EUR/USD hovered around 1.1030 in Asia on Tuesday, retreating from the recent high of 1.1139 hit last Thursday. In 2023, EUR/USD closed at 1.1036, up 3.16%, after two consecutive years of losses. EUR/USD has found upward support in the previous three months as US inflation levels eased slightly.

The U.S. dollar index is trading around 101.40 after rising in recent sessions. However, the U.S. dollar index faces challenges as markets bet on a dovish Fed stance on the trajectory of interest rates into early 2024.

On Friday, the Chicago Purchasing Managers Index released by the International Society of Purchasing Managers-Chicago (ISM-Chicago) showed that the business conditions indicator for Illinois, Indiana and Michigan fell to 46.9 in December from the previous 55.8.

Market participants have witnessed recent weakness in U.S. labor data, core PCE inflation, and annualized GDP. These data confirm the theory that the U.S. economy is retreating in the fourth quarter and is about to have a soft landing. This strengthens the case for the Fed to cut interest rates in 2024 and adds to bearish pressure on the dollar.

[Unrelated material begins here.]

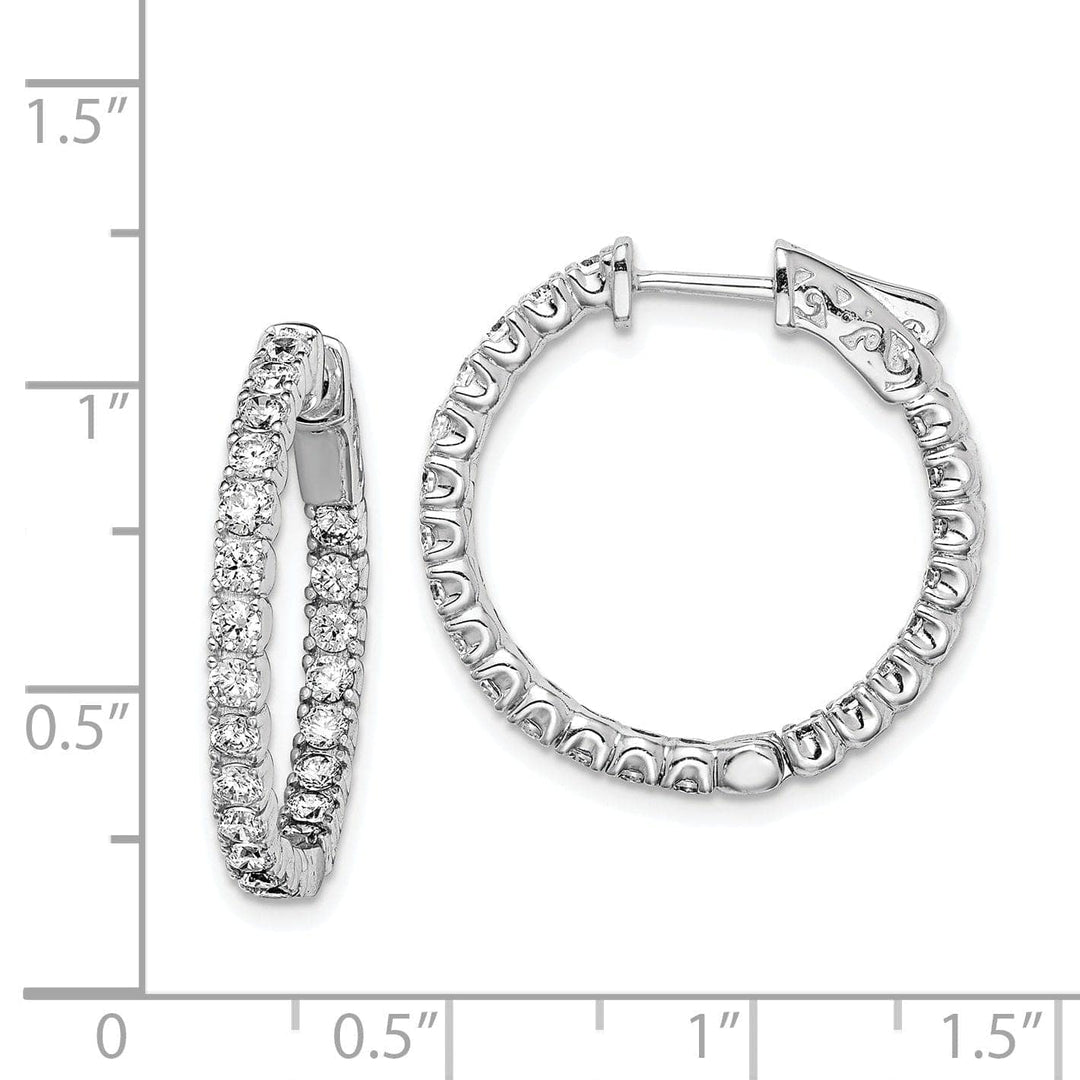 Sterling Shimmer Earrings Sterling Silver CZ Hoop Earrings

Eurozone consumer inflation fell in November, but full-year inflation remains above the 2.0% target. In contrast, December PMI reports showed a slowdown in both services and manufacturing. Spanish consumer prices held at an annual rate of 3.3%, indicating continued inflation in some European countries. This may strengthen the hawkish stance of the European Central Bank and provide a solid basis for support for the euro.

Traders are awaiting further data from the euro zone, including the Harmonized Consumer Price Index due on Friday, for fresh impetus. In the United States, the ISM Manufacturing Purchasing Managers Index and Federal Reserve meeting minutes will be released on Wednesday.